* **TASK TO CARRY OUT**: Which lines below include "with"? Copy them all.

** Opening DATA RECORDS block **

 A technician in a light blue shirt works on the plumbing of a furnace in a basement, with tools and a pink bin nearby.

** Closing DATA RECORDS block **
** Opening DATA RECORDS block **

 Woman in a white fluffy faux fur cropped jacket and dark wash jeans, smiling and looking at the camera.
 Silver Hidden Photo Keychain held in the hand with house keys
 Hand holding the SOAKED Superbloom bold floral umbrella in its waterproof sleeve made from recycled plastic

** Closing DATA RECORDS block **

* **TASK SOLUTION**:
 A technician in a light blue shirt works on the plumbing of a furnace in a basement, with tools and a pink bin nearby.
 Silver Hidden Photo Keychain held in the hand with house keys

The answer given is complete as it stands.